The Munster head coach will also give an update on Joey Carbery and Keith Earls, who missed the Heineken Champions Cup semi-final defeat by Saracens, but didn't sound particularly optimistic about either.

Van Graan had retained 11 of that semi-final starting XV against Connacht in the hope of overtaking Glasgow atop Conference A and thereby both avoiding a quarter-final next week while earning a home semi-final three weeks hence.

However, Glasgow’s 34-10 win over Edinburgh means Munster must pitch up again next Saturday when they host Benetton – who qualified for the play-offs for the first time ever with their bonus point win away to Zebre – in the day’s first quarter-final at 3pm in Thomond Park.

Meanwhile, Connacht move on to the day's second quarter-final, against Ulster at the Kingspan Stadium (kick-off 5.35pm) comparatively refreshed and healthy after Andy Friend rested a dozen of the starting lineup which had secured their playoff place by beating Cardiff a fortnight previously.

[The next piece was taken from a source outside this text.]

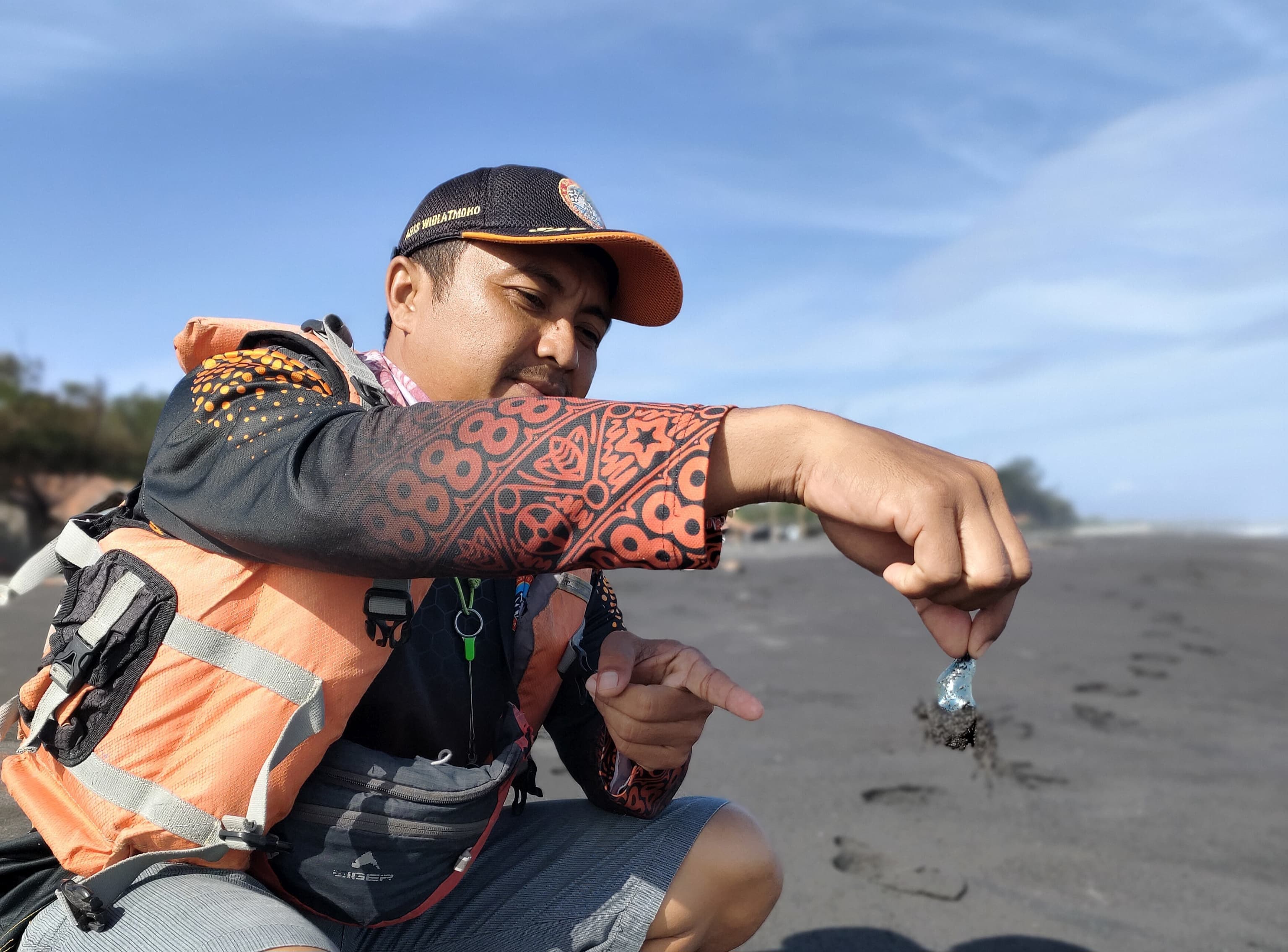 BISA MENYENGAT: Aris menemukan ubur-ubur api yang mendarat di pesisir Pantai Congot saat pantauan.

Should Munster beat Benetton, they will then face Leinster at the RDS on Saturday May 18th in a repeat of last season’s semi-final which they lost 16-15, a week after the Heineken Cup final. Meanwhile, the winners of the Ulster-Connacht tie will be away to Glasgow in the other semi-final on Friday, May 17th in Scotstoun.

The playoffs feature five former champions, and four teams who made the knockout stages of the Champions Cup, although at the same time you’d have got long odds on both Connacht and Benetton making the playoffs at the start of the season.

This, van Graan believes, underlines the heightened competitiveness of the Pro14 this season.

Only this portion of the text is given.